Fine della dinastia carrettesca
Nel 1571, però, il re di Spagna Filippo II, temendo che i francesi suoi nemici si impadronissero del Marchesato, lo fece occupare militarmente e ventisette anni dopo, nel 1598, riuscì a farselo vendere dall’allora marchese Sforza Andrea Del Carretto. Nel 1602 questi morì e il Finale passò definitivamente alla corona spagnola, mantenendo tuttavia il suo status di Marchesato e di feudo del Sacro Romano Impero, nonché una certa autonomia.

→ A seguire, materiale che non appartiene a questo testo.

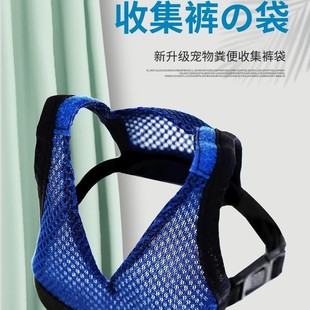 Dog Poop Picker Dog Poop Picker Bag Walking Dog Shoveling Automatic Poop Pot Poop Pet Disposable Poop Pant Bag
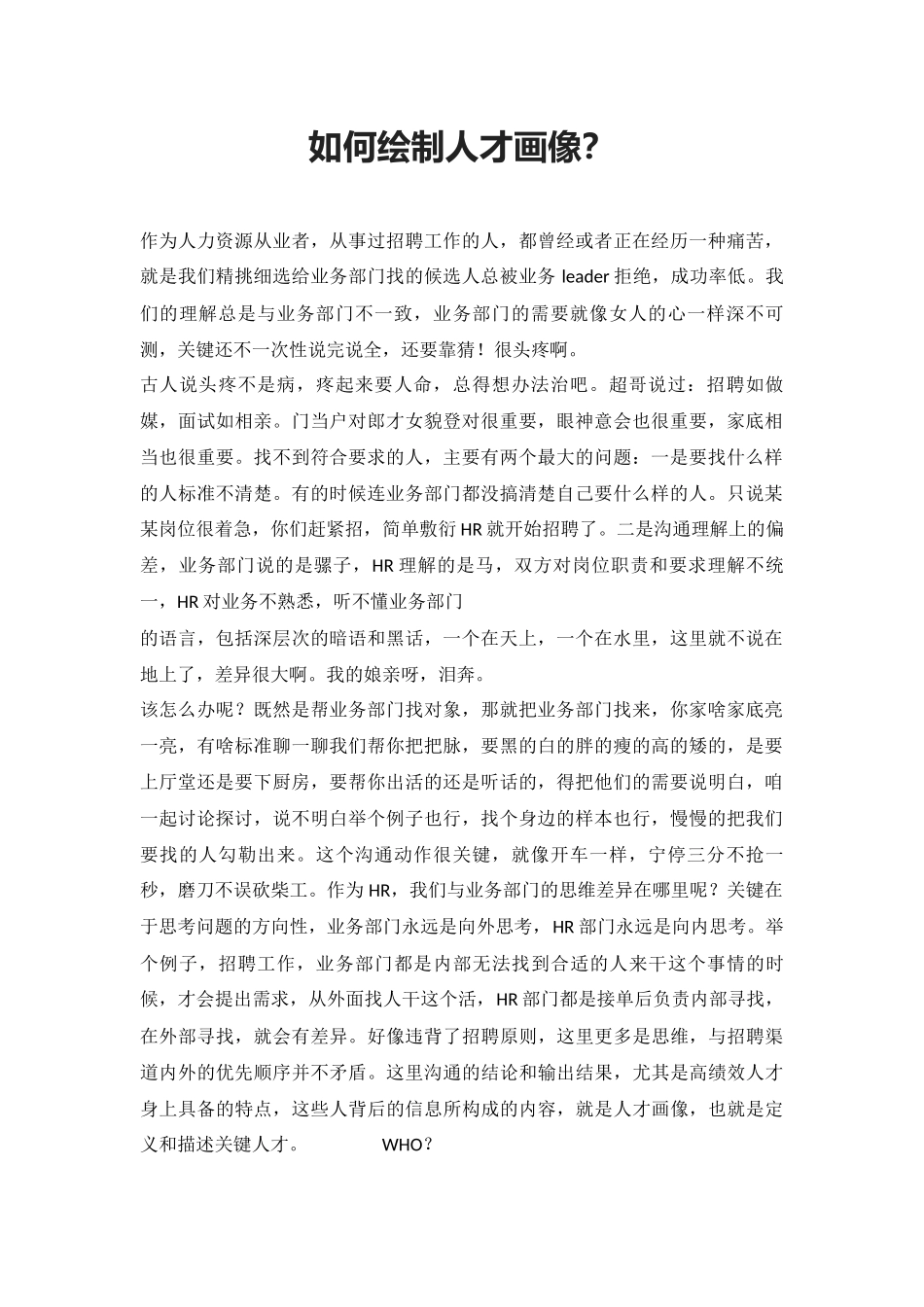 【行政画像】如何绘制人才画像？.docx_第1页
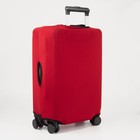 Чехол на чемодан 24", цвет красный - фото 7544078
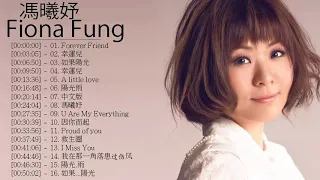 馮曦妤 Fiona Fung - 馮曦妤 Fiona Fung 的20首最佳歌曲 | 馮曦妤 Fiona Fung Best Songs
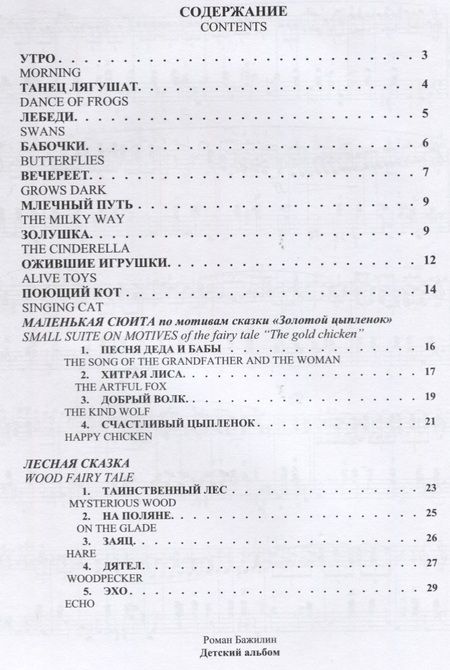 Фотография книги "Бажилин: Детский альбом для аккордеона"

La fine di una dinastia splendida come quella carrettesca – che aveva annoverato grandi personaggi nei campi della politica, delle armi, della cultura e della religione – non comportò affatto la decadenza dello Stato finalese. Sotto lo scettro dei Re Cattolici, che rappresentavano allora la massima potenza europea, il Marchesato conobbe anzi una sorta di età dell’oro. La Spagna teneva moltissimo a quel possedimento, che costituiva un importante presidio sull’alto Tirreno e una tappa del percorso attraverso il quale decine di migliaia dei suoi soldati raggiungevano i teatri bellici delle Fiandre e della Germania. E grazie alla protezione spagnola il commercio e la navigazione dei finalesi raggiunsero uno straordinario sviluppo, accompagnato anche da una notevole fioritura culturale e artistica. Per oltre un secolo, così, quel piccolo Stato si trovò associato ai destini imperiali della corona di Castiglia, respirò l’aria della grande storia e rimase a diretto contatto con il centro del mondo di allora: come se oggi, per fare un paragone, il Finale fosse una delle stelle nella bandiera degli Stati Uniti.
Fine dell’antica autonomia politica del Finale
Infine, nel 1713, la Repubblica di Genova – approfittando della grande crisi europea innescata dalla guerra di Successione Spagnola e del forte bisogno di denaro che angustiava l’imperatore Carlo VI d’Asburgo – comprò da quest’ultimo, che ne deteneva pur sempre l’«alto dominio», il Marchesato e lo inglobò nei propri territori. Quest’atto, molto deprecato dagli abitanti, segnò la fine dell’antica autonomia politica del Finale, ma certo non ne cancellò d’un colpo l’individualità, che ancora oggi si può leggere in molti segni presenti nel territorio, e che meriterebbe di essere sempre più riscoperta e sottolineata, non per ottuso campanilismo ma per legittimo orgoglio nei confronti di un grande passato.